* DESCRIPTION OF THE TASK
For this exercise, write out only the lines of the entries below from the one with "Áo thun golf" up to and including the one with "LA license plate ZZB816", exactly as they are. Pictures stay out.
DATASET EXTRACT START
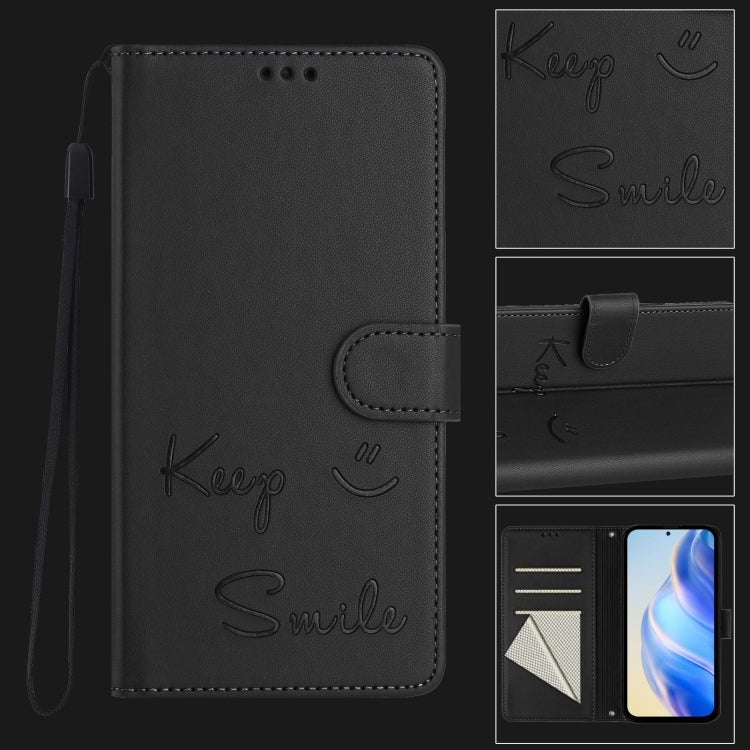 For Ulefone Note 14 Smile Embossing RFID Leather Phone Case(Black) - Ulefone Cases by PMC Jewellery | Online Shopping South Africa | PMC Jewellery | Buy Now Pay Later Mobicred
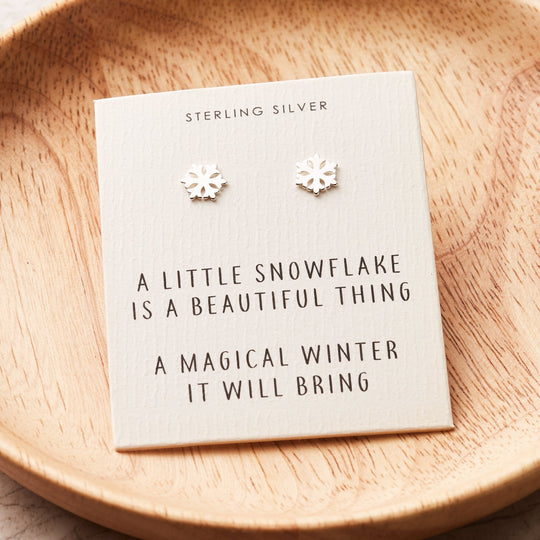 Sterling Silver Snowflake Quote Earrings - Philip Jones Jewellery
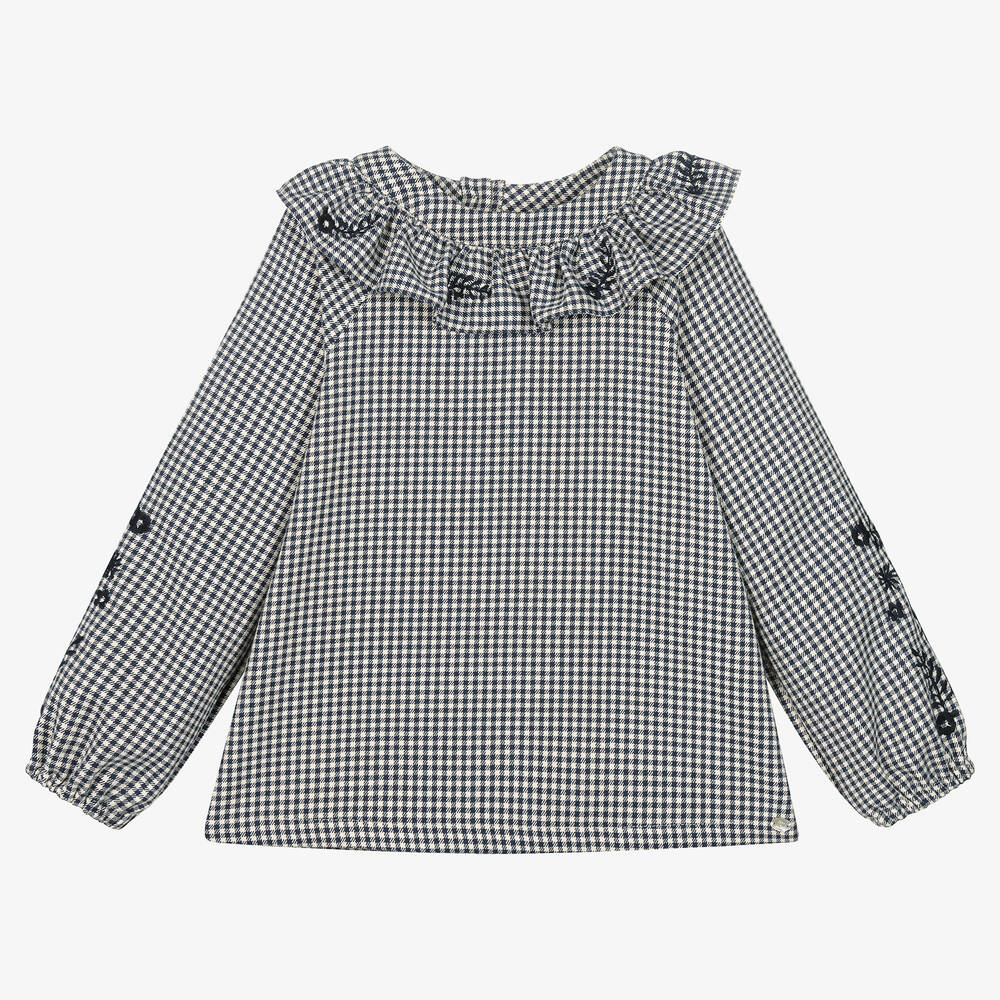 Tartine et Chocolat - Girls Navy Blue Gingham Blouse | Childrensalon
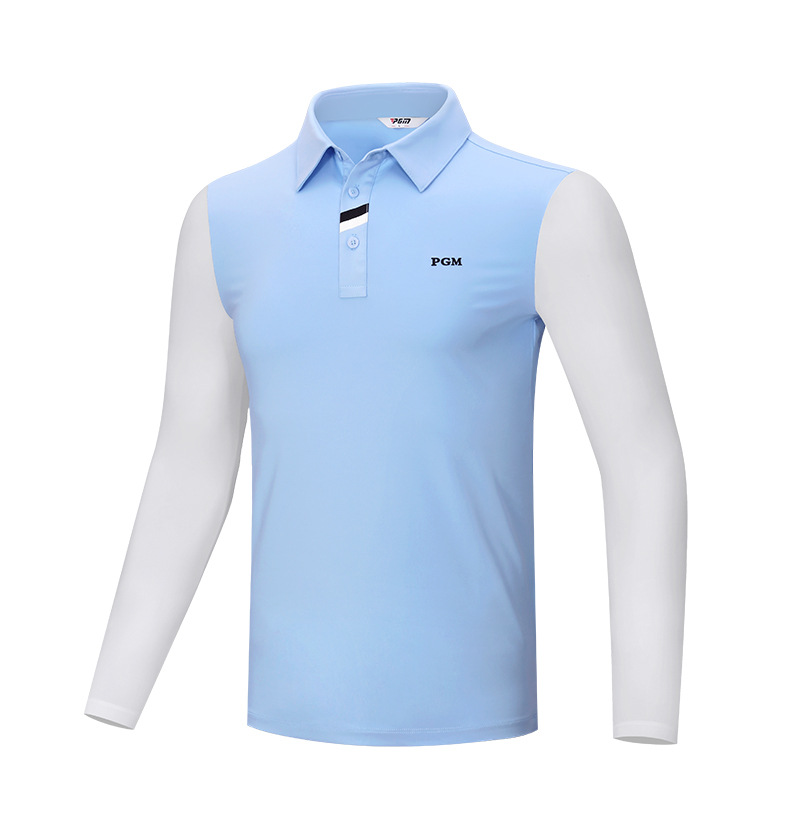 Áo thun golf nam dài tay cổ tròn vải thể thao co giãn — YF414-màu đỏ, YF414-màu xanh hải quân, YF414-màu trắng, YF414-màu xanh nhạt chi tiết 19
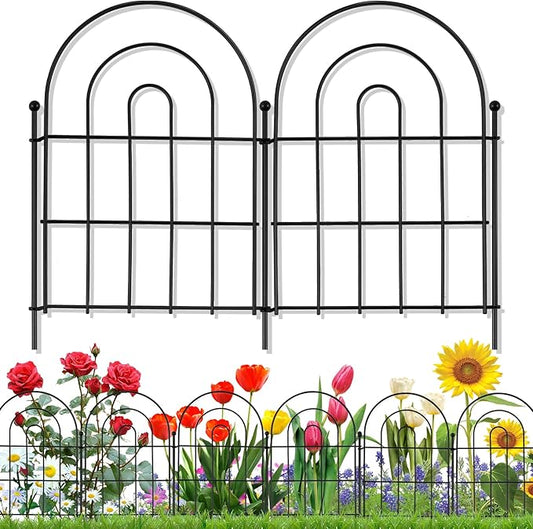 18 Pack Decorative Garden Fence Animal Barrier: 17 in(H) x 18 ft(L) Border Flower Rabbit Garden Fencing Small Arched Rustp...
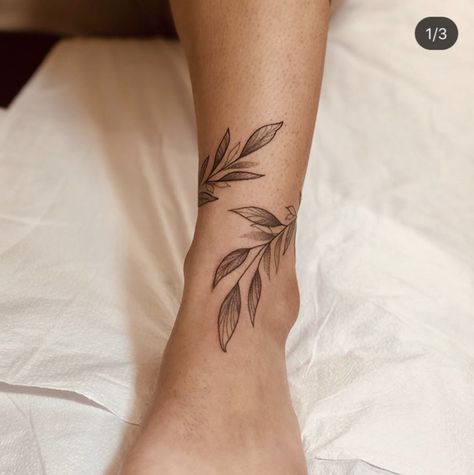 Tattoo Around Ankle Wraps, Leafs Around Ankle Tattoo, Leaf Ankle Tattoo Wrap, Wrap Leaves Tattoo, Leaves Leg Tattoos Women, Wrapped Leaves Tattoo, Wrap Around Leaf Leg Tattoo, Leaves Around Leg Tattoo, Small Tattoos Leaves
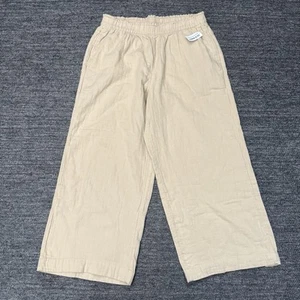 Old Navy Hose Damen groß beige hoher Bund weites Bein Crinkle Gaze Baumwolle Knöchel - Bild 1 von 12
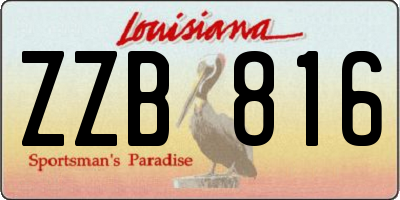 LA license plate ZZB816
DATASET EXTRACT END
DATASET EXTRACT START
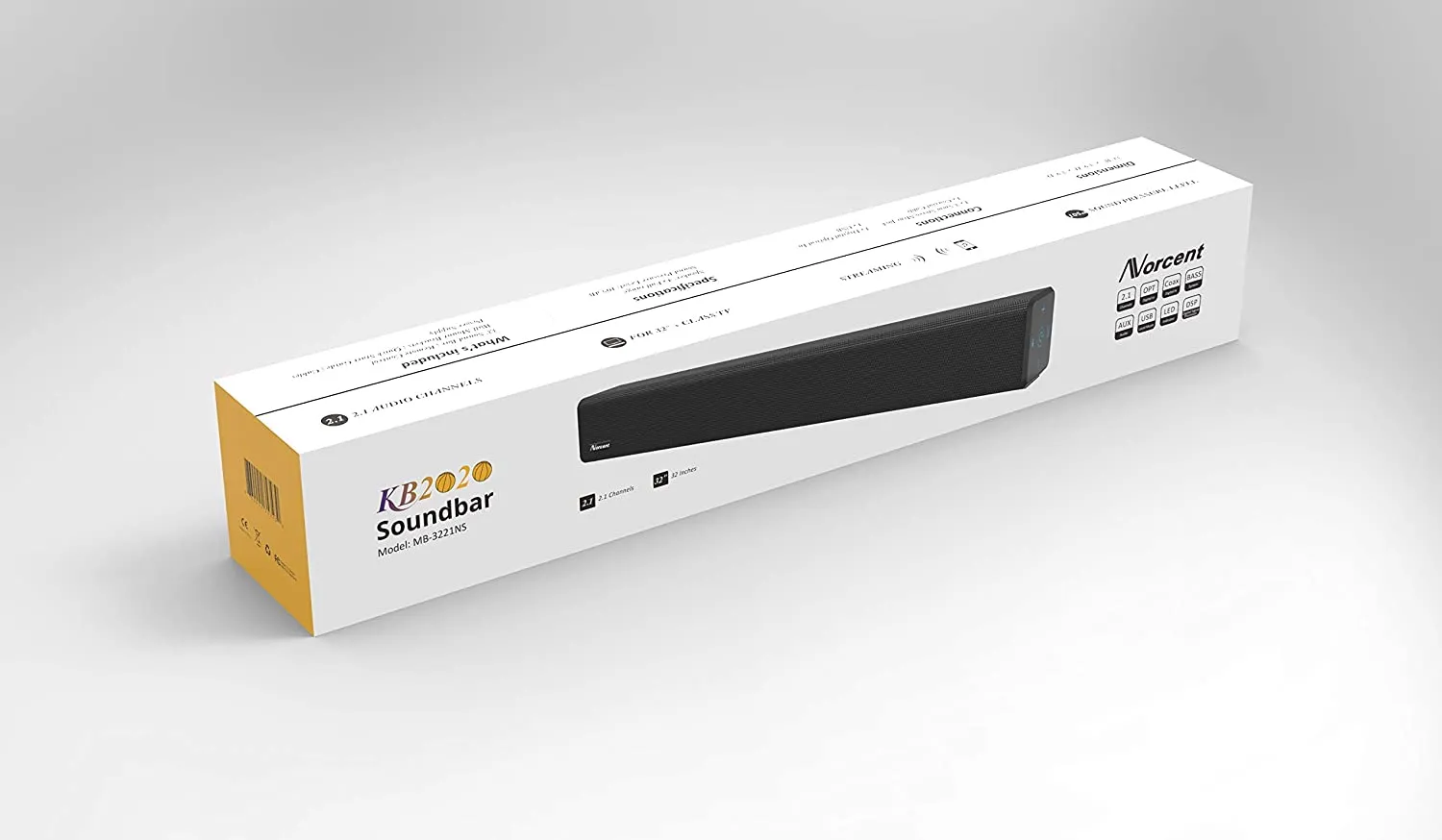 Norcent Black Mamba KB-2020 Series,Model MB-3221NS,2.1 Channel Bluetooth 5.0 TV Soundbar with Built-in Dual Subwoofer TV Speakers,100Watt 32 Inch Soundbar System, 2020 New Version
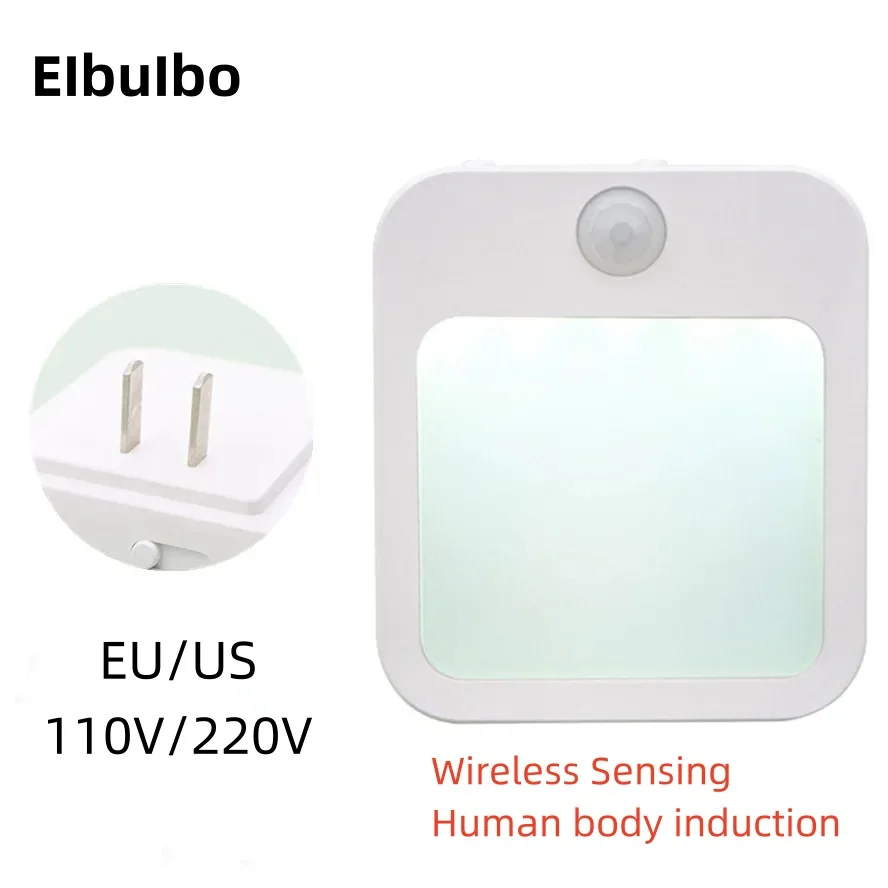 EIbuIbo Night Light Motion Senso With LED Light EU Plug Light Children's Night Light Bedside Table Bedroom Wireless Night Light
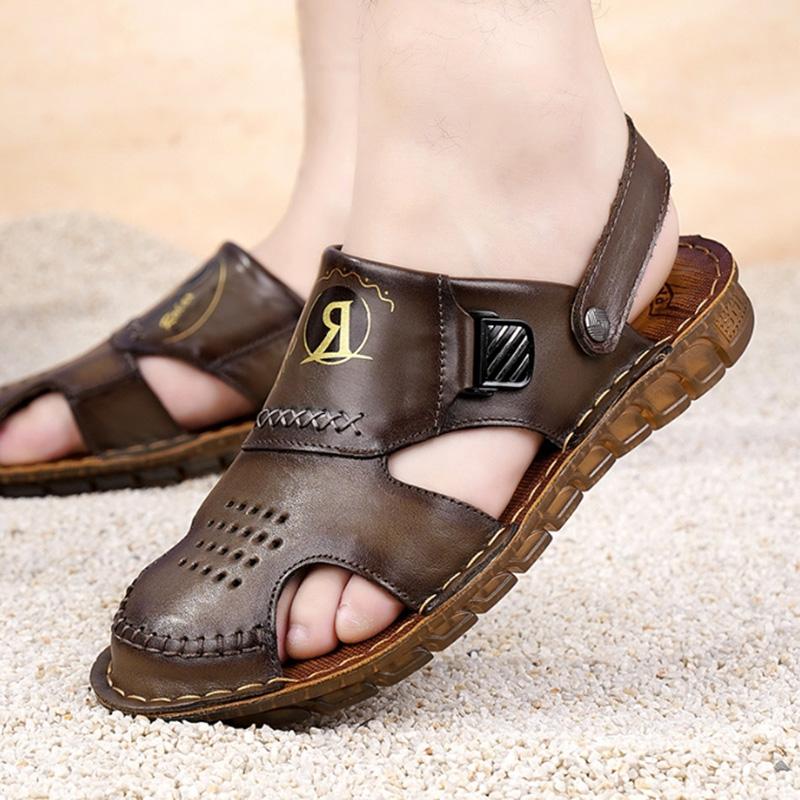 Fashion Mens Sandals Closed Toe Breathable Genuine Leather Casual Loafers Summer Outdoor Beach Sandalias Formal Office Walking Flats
DATASET EXTRACT END
DATASET EXTRACT START
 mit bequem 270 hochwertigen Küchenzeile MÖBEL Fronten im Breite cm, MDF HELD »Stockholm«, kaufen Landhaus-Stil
DATASET EXTRACT END
* RESPONSE BELOW
 Áo thun golf nam dài tay cổ tròn vải thể thao co giãn — YF414-màu đỏ, YF414-màu xanh hải quân, YF414-màu trắng, YF414-màu xanh nhạt chi tiết 19
 18 Pack Decorative Garden Fence Animal Barrier: 17 in(H) x 18 ft(L) Border Flower Rabbit Garden Fencing Small Arched Rustp...
 Tattoo Around Ankle Wraps, Leafs Around Ankle Tattoo, Leaf Ankle Tattoo Wrap, Wrap Leaves Tattoo, Leaves Leg Tattoos Women, Wrapped Leaves Tattoo, Wrap Around Leaf Leg Tattoo, Leaves Around Leg Tattoo, Small Tattoos Leaves
 Old Navy Hose Damen groß beige hoher Bund weites Bein Crinkle Gaze Baumwolle Knöchel - Bild 1 von 12
 LA license plate ZZB816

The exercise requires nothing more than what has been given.